_Exercise requirements_: The job is to find each line of the records below that includes the word "Brooklyn" and copy it.

_Provided information_:

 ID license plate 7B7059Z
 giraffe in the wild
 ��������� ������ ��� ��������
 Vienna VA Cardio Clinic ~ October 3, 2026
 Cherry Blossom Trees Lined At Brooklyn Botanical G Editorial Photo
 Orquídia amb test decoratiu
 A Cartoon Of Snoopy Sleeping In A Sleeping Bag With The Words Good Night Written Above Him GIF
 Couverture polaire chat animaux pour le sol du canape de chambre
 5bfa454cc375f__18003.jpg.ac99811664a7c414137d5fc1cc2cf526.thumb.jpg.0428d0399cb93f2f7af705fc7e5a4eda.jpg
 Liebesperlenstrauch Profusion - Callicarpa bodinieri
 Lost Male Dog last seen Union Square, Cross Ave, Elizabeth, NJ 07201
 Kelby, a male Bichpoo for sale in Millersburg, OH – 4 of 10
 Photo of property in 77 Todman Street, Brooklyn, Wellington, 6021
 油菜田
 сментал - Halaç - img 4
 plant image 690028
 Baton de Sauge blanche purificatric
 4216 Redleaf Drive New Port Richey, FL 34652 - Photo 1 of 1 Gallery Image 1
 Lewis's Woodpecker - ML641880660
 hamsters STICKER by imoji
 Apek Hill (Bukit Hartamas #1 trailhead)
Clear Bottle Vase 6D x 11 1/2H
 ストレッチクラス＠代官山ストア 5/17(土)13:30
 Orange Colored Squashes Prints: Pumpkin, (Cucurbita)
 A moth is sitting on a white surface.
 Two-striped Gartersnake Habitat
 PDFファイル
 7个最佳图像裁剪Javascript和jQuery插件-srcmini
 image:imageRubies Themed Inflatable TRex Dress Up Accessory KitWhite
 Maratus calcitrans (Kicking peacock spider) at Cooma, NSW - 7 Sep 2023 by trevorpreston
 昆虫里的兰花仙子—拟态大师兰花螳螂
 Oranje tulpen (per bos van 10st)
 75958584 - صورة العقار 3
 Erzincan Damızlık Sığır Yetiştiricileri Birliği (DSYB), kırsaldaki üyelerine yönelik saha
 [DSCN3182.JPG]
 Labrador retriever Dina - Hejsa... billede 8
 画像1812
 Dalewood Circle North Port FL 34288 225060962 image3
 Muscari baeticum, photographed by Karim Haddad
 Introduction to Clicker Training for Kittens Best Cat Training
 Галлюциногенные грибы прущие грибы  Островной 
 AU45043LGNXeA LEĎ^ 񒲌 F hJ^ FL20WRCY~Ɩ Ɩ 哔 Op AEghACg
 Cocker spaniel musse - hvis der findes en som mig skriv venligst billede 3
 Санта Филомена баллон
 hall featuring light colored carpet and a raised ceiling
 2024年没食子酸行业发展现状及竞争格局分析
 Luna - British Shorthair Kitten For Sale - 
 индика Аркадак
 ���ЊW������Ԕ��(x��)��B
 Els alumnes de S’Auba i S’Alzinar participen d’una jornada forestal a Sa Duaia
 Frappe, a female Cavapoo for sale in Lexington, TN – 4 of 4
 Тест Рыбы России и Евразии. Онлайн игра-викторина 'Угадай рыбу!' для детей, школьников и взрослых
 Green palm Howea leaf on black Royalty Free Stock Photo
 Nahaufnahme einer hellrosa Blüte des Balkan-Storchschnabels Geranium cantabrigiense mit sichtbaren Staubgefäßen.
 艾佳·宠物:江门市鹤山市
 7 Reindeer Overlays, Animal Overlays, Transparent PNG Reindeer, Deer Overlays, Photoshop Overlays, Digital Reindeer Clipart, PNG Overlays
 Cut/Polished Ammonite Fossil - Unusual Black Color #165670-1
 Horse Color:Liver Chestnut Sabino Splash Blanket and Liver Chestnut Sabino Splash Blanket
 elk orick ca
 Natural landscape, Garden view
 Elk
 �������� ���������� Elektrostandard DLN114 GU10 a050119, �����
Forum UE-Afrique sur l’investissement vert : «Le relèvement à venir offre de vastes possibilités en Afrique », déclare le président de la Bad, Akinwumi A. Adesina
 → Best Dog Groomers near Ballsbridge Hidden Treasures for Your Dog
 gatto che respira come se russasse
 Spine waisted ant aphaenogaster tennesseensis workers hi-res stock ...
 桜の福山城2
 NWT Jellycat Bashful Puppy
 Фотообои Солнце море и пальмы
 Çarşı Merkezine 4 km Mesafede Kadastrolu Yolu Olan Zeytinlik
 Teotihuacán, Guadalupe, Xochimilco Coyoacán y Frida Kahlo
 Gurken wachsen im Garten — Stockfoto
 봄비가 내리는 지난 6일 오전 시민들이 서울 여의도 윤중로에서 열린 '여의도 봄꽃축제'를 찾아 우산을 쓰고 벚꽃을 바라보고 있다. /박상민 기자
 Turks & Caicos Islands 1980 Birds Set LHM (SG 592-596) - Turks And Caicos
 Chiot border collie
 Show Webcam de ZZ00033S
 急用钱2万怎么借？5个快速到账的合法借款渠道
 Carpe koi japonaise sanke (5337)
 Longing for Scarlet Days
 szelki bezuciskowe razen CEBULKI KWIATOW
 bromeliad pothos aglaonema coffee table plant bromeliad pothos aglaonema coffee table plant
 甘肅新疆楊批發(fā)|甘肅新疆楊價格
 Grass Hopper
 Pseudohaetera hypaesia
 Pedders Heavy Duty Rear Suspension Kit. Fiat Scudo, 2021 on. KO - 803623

_Reply_:
 Cherry Blossom Trees Lined At Brooklyn Botanical G Editorial Photo
 Photo of property in 77 Todman Street, Brooklyn, Wellington, 6021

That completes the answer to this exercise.